If the wall sign is non‑illuminated, under 20 sq ft, and ≤ 8 inches thick you generally do not need a sign permit under § 6‑2503(a); externally illuminated wall signs of the same size may be approved administratively by the Planning Services Manager under § 6‑2503(b). If your sign exceeds those limits or is another type (freestanding, banner, painted, projecting), a permit — often with design review — is required.
How much sign area can my ground‑floor business have in Lafayette?
Use the principal business frontage table in § 6‑2560: a frontage up to 24 ft gets 20 sq ft of permitted sign area, and allowances increase with frontage length (up to 100 sq ft for very long frontages). If you have multiple frontages, the code includes distribution rules in § 6‑2560(b).
Are freestanding (monument) signs allowed?
Yes, but they are limited: only one freestanding sign is allowed per street frontage, maximum height 8 ft, max 25 sq ft per side (unless otherwise permitted), must be placed in and maintained with landscaping, and require design review per § 6‑2554.
What are the rules for signs on residential properties?
Residential parcels are subject to § 6‑2565: total aggregate signs (including exempt signs) may not exceed 80 sq ft per parcel with only 32 sq ft permanent; permanent signs cannot be above the ground floor (except flags), may not be internally illuminated (few exceptions), and max height for residential signs is 6 ft (flags excepted). Temporary noncommercial signs have additional allowances.
Does Lafayette allow electronic or flashing signs?
Flashing, moving, rotating, animated or inflated signs are prohibited except where expressly permitted in the chapter — see prohibited signs list § 6‑2519. If you think your sign type may be permitted in a narrow exception, confirm with Planning staff and cite the specific exception in the code.
When is design review required for a sign?
Many categories require design review: banners, freestanding/monument signs, painted signs, most projecting/under‑marquee signs, and any business sign not meeting the small‑sign exemptions — see § 6‑2523. In downtown or overlay contexts, planning and design review articles further require evaluation of sign scale, materials and relationship to the street (see design review criteria § 6‑274).
Can I substitute a political or noncommercial message on a permitted commercial sign?
Yes. The ordinance includes a substitution clause stating that where the chapter permits any sign, any noncommercial message may be substituted for other content; see § 6‑2505.
What happens to a lawfully existing (nonconforming) sign?
A lawfully erected nonconforming sign can remain, but altering, enlarging or replacing it makes it illegal and it must be brought into conformance with the chapter; see § 6‑2581. Verify the sign’s legal status with City records before permitting any change.
Are there separate rules for temporary construction or grand‑opening signs?
Yes. Temporary commercial signs for new businesses are allowed without a permit if they comply with § 6‑2563 (aggregate ≤ 30 sq ft, ≤ 90 days, one per principal frontage). Temporary construction signs have different area caps for commercial (32 sq ft) and residential (4 sq ft) districts and must be removed per § 6‑2571.

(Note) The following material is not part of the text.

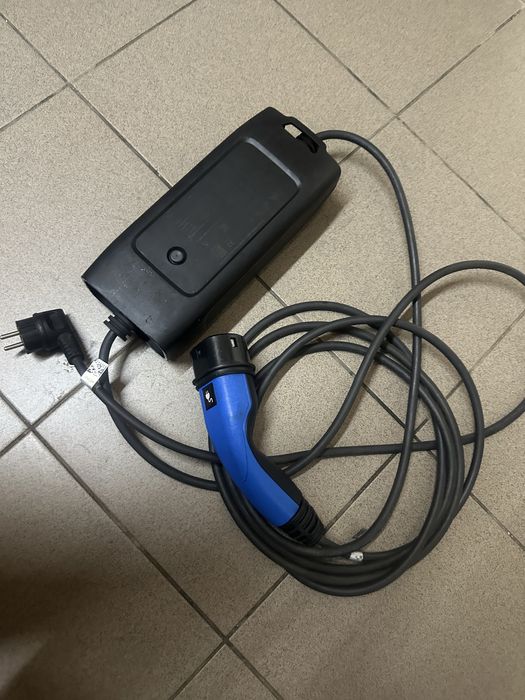 Statie incarcare auto tip 2 -schuko jaguar land rover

If I want an exception to sign area, what can I do?
The code allows applicants to apply for variances for height, area, location or number of signs — see § 6‑2527 for variance authority and process; many such proposals are reviewed through design review and the normal variance findings. Verify application procedures with the Planning Services Division. Not found in retrieved materials: the specific text of § 6‑2527 in these files; confirm with the City.